Optimization of the BGM cell line culture and viral assay procedures for monitoring viruses in the environment

An in-depth study of the continuous cell line designated BGM is described herein, and recommendations are made for standardizing cell culture and viral assay procedures. Based on data gathered from a survey of 58 laboratories using this cell line, a research plan was developed that included the study of growth media, sera, NaHCO3 levels, culture bottles, cell concentration, overlay media, agar, virus infection conditions, and cell-dissociating agents. Additionally, a comparative virus isolation study with BGM cells and nine other cell types was conducted with 37 sewage samples collected from nine different geographic areas. The results of the study indicated that the BGM cell line is superior for virus isolation when compared with the other cell types and that certain media and additives tend to increase BGM cell sensitivity to a specific group of viruses. A standardized procedure for cultivation of BGM cells is described which provides a more effective enterovirus assay system.     

Influence of inoculum size, incubation temperature, and cell culture density on virus detection in environmental samples

The influence of inoculum size and cell culture density on virus titer by cytopathic effect or plaque assay was studied using poliovirus type 1 and BGM (Buffalo green monkey) cells as a model for this evaluation.
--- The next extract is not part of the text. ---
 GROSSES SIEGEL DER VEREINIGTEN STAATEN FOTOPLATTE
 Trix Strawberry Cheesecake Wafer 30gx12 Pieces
With a plaque assay system, a linear relationship was observed for an inoculum size of up 1 mL/25 cm2; a marked decrease in the number of plaques was observed when over 1 mL of sample was inoculated on this surface area. Cell culture density also affected virus titer; maximal titers were observed when cells were seeded at 25 000 to 75 000 cells/mL and incubated for 6 days before infection with the virus. Viral density, evaluated as most-probable-number and measured by cytopathic effect under liquid overlay, revealed that the viral titer was similar up to 1 mL inoculum and increased only when over 1 mL was inoculated. Cell density had no significant effect on the viral titer measured by the most-probable-number method and cytopathic effect. Inactivation of inoculum due to an incubation temperature of 37 degrees C for a short period was shown to be minimal for poliovirus type 1, reovirus type 2, coxsackievirus B-5, and the simian rotavirus SA-11. Longer inactivation time led to a 2 logs reduction of the infectious titer of coxsackievirus B-5 (in 48 h) while the other viruses showed a significant reduction in titer only after 96 h.     

Double-layer plaque assay for quantification of enteroviruses

We describe here a double-layer plaque assay for the quantification of enteroviruses, combining a monolayer plaque assay and a suspended-cell plaque assay. The double-layer assay provides significantly greater counts than other methods of virus quantification of both suspensions of pure culture viruses and naturally occurring viruses. The counts obtained by this method are approximately one order of magnitude greater than those obtained with the more commonly used method, the monolayer plaque assay. We conclude that the methods available for quantifying viruses rank in efficiency as follows: double-layer plaque assay >or=suspended-cell plaque assay > counting cytopathogenic virus adsorbed to cellulose nitrate membrane filters >or= most probable number of cytopathogenic units > monolayer plaque assay. Moreover, the double-layer plaque assay allows the use of two different cell lines in the two layers. Using the human colonic carcinoma cell line CaCo2 facilitates the recovery of a greater number and diversity of naturally occurring enteroviruses in water than the monolayer agar method. In addition, the pretreatment of cells with 5-iodo-2'-deoxyuridine (IDU) prior to the quantification of enteroviruses by the double-layer plaque assay provides significantly higher recoveries than the use of IDU does with the other methods of quantification.